I shared on my Instagram page the other day that I was suffering from a Migraine after a sleepless night and no drugs. That night my head started hurting again and as I sat down on the sofa, I smashed my knee on the coffee table. My dog ran over right away to relentlessly lick my face while I was still face planted into the cushion and I burst into tears. Not because it hurt that much but because in that moment I felt really lonely.
Frankie was so sweet (which didn't help) and binge-ing "Love at First Sight Australia" all day definitely didn't help, but in that instant I was suddenly sad because I felt so poorly, topped it off with hurting myself and I had no one there to give me a cuddle and no one I wanted there to do it.
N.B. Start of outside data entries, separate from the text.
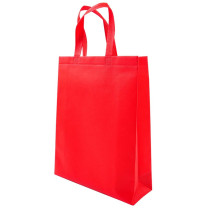 稳斯坦 WINSTABLE 无纺布袋 竖款 WST880 41*35*12cm(10个/组)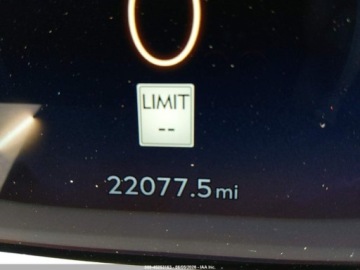 Lincoln Aviator 2025 Lincoln Aviator Reserve 2025 3.0 Benzyna 400KM, zdjęcie 11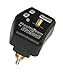 VariZoom VZ-Stealth Miniature Control for Prosumer DV Camcorders with LANC Jack RS.13072.00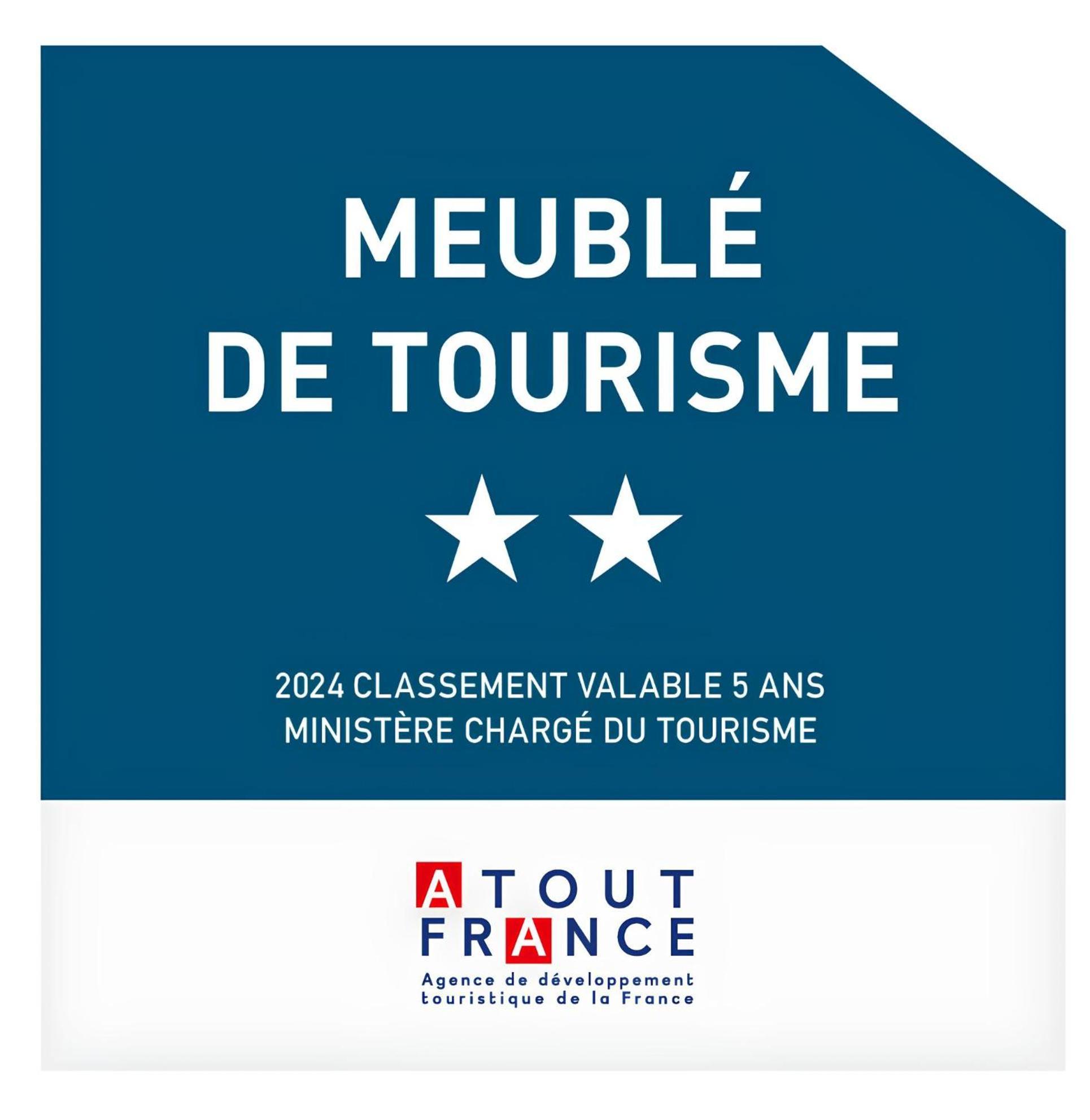 Ski Ou Thermes? Un Appt Cabine Avec Vue Magnifique 圣热尔韦莱班 外观 照片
I will be the first person to say that I am extremely comfortable being on my own - I love my alone time (I need it in fact) and I am a extroverted introvert. I can only be social for so long before I'm like "OK I'm done, I'm going home" but when I am in a relationship that person is the exception my rules. Even if we're chilling at home together and I'm doing my own thing, I'm happier when that person is in close vicinity to me, whether we're talking or not. And on this night I realise that I do really miss companionship.
Having that person in your corner, who you can talk to about anything, and wants to know about your day no matter how mundane it is, who knows you inside out, gets you, doesn't assume the worst of you, and chooses to understand where you're coming from, is a comfort like no other. There is of course absolutely nothing wrong with being single, and enjoying it (I do) and I've been on both sides of the coin to know that the grass can seem greener whatever side you're on. That cuddle I wanted, I know there would have been some trade offs to have access to it.
But I'd be lying if I said I didn't want to be in the right relationship. Not for the long term reasons like marriage, babies, security either (although they would be nice) or for the social reasons like having a plus 1 at a wedding, not feeling like you have to explain why you're single, or feeling like a leper at a baby shower (they would be nicer). But for when your head hurts and you've smashed your knee, and there's someone there to give you a hug. And if that came with making me laugh through the tears and reminding me that I'm doing alright, well that would have been lovely too.